The issues of engineer productivity, team collaboration and process industry capabilities must also be dealt with in the context of analytics offerings. These are hard issues, and therefore the specifics of analytics requirements deserve the same attention as the business cases.
The right path likely addresses these needs — in terms of data and in teamwork — by providing end-user engineers and production experts with applications to quickly create actionable information from raw data. These tools rely on visualization of data from which insights can be derived.
Any new project or proposal requires effort to overcome the inertia of doing nothing. IIoT projects are in the balance between the availability of necessary technology and the risks and rewards of execution, a difficult juncture. And for IIoT, the two reasons — some would say excuses — for lack of forward progress are often standards and cybersecurity.
With standards, for example, this or next year will not bring a world of functional, compatible, Lego blocks an end user can use to create a mixed-vendor, distributed IIoT solution. Customers must jump in at some level and get started instead of waiting for winning standards.

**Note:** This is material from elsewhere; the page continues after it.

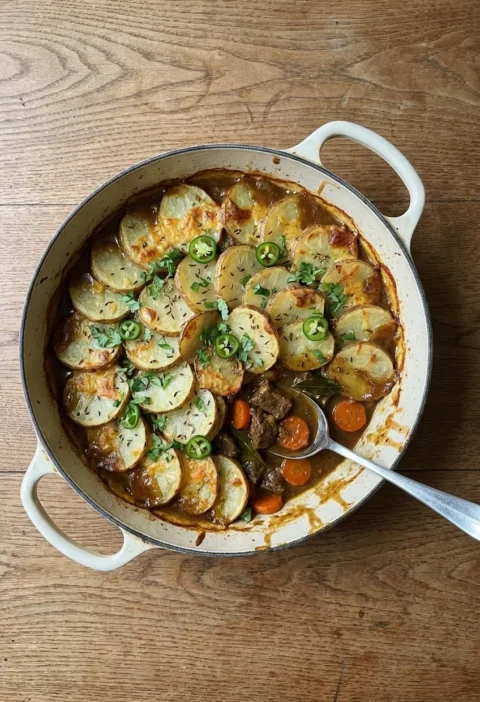 A beef curry hotpot in a cream casserole dish, topped with crisp sliced potatoes, Cheddar, green chilli and coriander, with a portion spooned out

Meanwhile, cybersecurity is consistently a leader on lists of IIoT requirements, concerns and issues. Heating, ventilation and air conditioning, supervisory control and data acquisition and other systems have been hacked. Unfortunately, no easy answer to these issues exists. What is needed is hard work, best efforts and solutions with limited exposure to the outside world.

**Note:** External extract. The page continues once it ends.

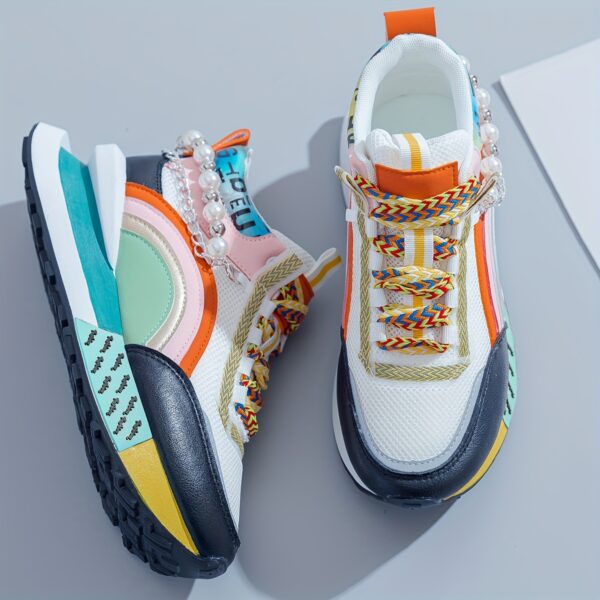 Sparkling Bead Chain Mid-Top Sneakers – Women's Fashion Lace-Up Casual Shoes, Breathable Mesh for All Seasons - Image 12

But using a lack of standards or fear of cybersecurity issues as an excuse to not move ahead on IIoT implementations pushes the required learning and experience further down the road, and puts end users further behind in the IIoT race.
A new generation of sensors means data can be economically generated and gathered from flow control and related systems in quantities previously unavailable. Data can then be sent to process control and monitoring systems.
This data can be used to improve automated real-time control and help plant engineers and operators make better decisions. Personnel can use it can use to increase efficiency, diagnose equipment problems and improve safety.
The IIoT is here, and whether organizations implement it directly or leverage offers from asset vendors, it is the model and opportunity for the next generation of plant and facility infrastructure.